**Data listing:**

..........

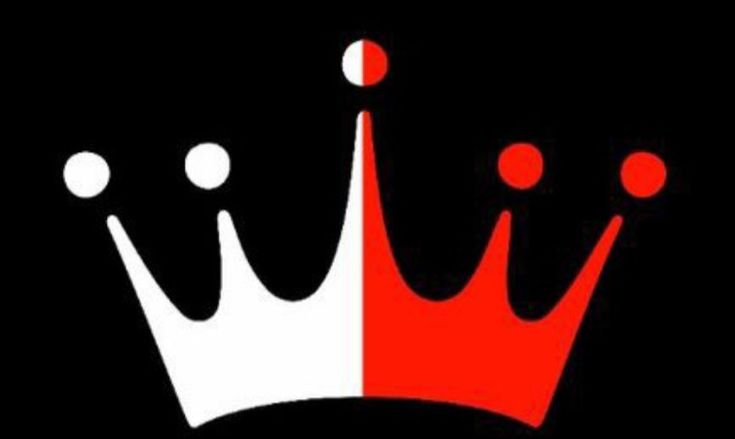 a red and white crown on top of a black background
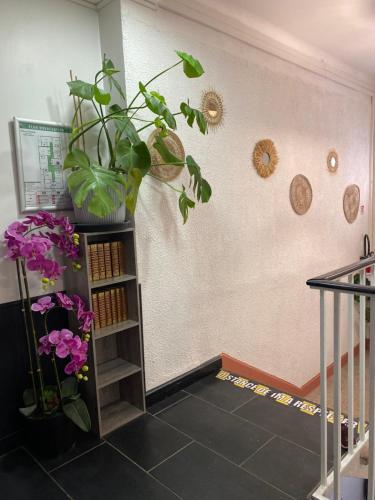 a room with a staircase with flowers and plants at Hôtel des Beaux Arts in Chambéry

..........

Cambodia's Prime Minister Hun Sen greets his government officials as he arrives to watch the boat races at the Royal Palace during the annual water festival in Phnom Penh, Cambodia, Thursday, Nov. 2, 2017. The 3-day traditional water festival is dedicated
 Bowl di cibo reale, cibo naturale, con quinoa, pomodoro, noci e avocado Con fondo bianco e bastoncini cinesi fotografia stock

..........

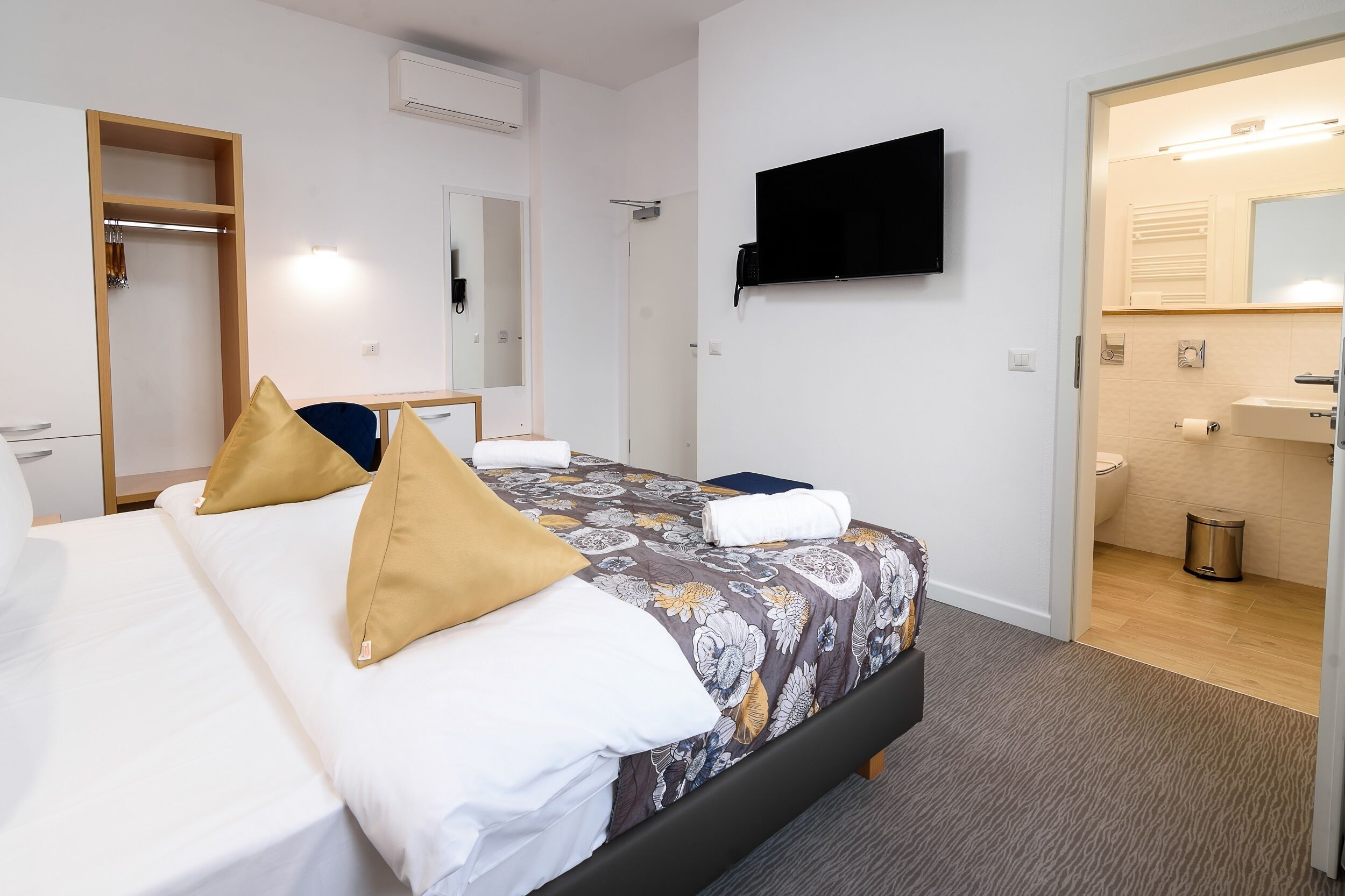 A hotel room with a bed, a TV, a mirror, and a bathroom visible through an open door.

..........

**Work task:**
Using the data above, transcribe exactly the lines between those containing "a red and white" and "a room with", inclusive, and leave every picture behind.

**Response:**
 a red and white crown on top of a black background
 a room with a staircase with flowers and plants at Hôtel des Beaux Arts in Chambéry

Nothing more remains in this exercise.